Con l'entrata in vigore del Trattato di Lisbona, ai sensi dell'art. 6 TUE, la Carta dei diritti fondamentali ha acquisito il medesimo valore giuridico dei Trattati, divenendo, quindi, direttamente vincolante per gli Stati.
L'art. 18 TFUE prevede che nell'ambito di applicazione dei Trattati sia vietata ogni forma di discriminazione basata sulla nazionalità, mentre l'art. 19 TFUE attribuisce al Consiglio la facoltà di adottare i provvedimenti opportuni per combattere le discriminazioni.
Gli articoli richiamati sono la base giuridica dei due strumenti normativi maggiormente rilevanti in tema di tutela antidiscriminatoria in favore dei cittadini extraeuropei: la Direttiva 2000/43/CE del Consiglio, del 29 giugno 2000, che attua il principio della parità di trattamento fra le persone indipendentemente dalla razza e dall'origine etnica (cd. Direttiva “razza”), recepita con d.lgs. n. 215 del 09 luglio 2003 e la Direttiva 2000/78/CE del Consiglio del 27 novembre 2000 che stabilisce un quadro generale per la parità di trattamento in materia di occupazione e di condizioni di lavoro, recepita con d.lgs. n. 216 del 09 luglio 2003.
Sebbene il campo di applicazione comune dei due testi normativi europei sia quello occupazionale – lavoro autonomo e subordinato, la Direttiva 2000/43/CE estende la propria operatività anche ad altri ambiti, quali la protezione e la sicurezza sociale, l'istruzione, l'accesso e la fornitura di beni e servizi (d.lgs. 215 del 2003, art. 3 cit.).

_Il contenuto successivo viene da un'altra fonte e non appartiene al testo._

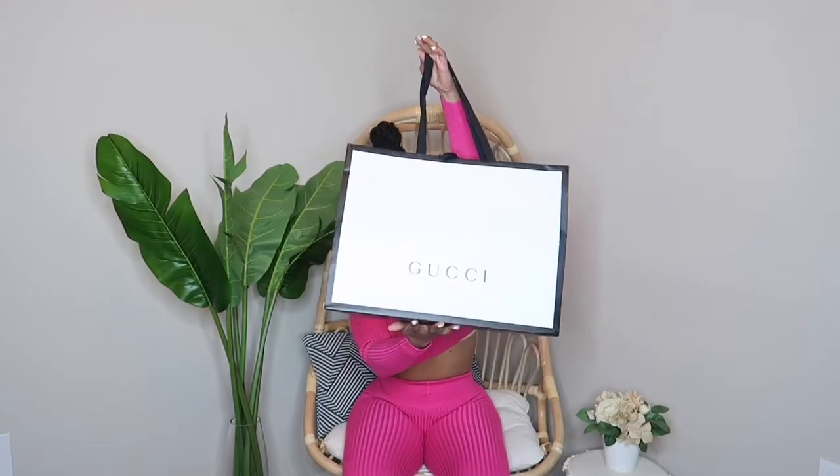Okay, so this is my bag — don't judge my bag because it is very me. I did travel with this on the plane, but yeah, so these are my Gucci shoes, guys. I'm so excited!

Attesa la sua applicazione specifica nella materia di interesse e la sua portata particolarmente ampia, ci si soffermerà sulla disamina del contenuto della Direttiva 2000/43/CE e del decreto legislativo di recepimento, tuttavia le considerazioni svolte trovano applicazione anche in relazione secondo testo normativo europeo richiamato.
Al fine di fornire una definizione comune di discriminazione, la Direttiva ne individua quattro diverse forme:
- la discriminazione diretta
- la discriminazione indiretta
- Le molestie
- l'ordine di discriminare
Si ha discriminazione diretta quando una persona, a causa della sua razza o dell'origine etnica, è trattata meno favorevolmente di quanto sia stato o sarebbe stato trattato un altro individuo in una situazione analoga (d.lgs. 215 del 2003, art. 2 cit.). Al fine di comprendere se il trattamento differenziato sulla base di una delle caratteristiche richiamate sia ragionevole ovvero discriminatorio l'operatore giuridico deve, in primo luogo, individuare un parametro di comparazione – un altro soggetto che opera in una situazione analoga – e stabile se la caratteristica in esame – l'origine etnica o la razza - è elemento essenziale e determinante per lo svolgimento dell'attività o il godimento del diritto in esame. Nel caso in cui la risposta sia affermativa, la ragionevolezza del trattamento differenziato deve essere valutata alla luce dei parametri di legittimità e proporzionalità dell'obiettivo perseguito.
Qualora tali parametri non siano rispettati, il trattamento differenziato dovrà considerarsi discriminatorio.
Si incorre, invece, in una discriminazione indiretta quando una disposizione, un atto, un provvedimento, un comportamento o una prassi all'apparenza neutra comporta una posizione di svantaggio per le persone di una determinata razza o origine etnica rispetto ad altre persone (d.lgs. 215 del 2003, art. 2 cit.). Anche in questo caso sarà necessario valutare se tale svantaggio non sia oggettivamente giustificato da una finalità legittima e se gli strumenti utilizzati per conseguirla siano appropriati e necessari.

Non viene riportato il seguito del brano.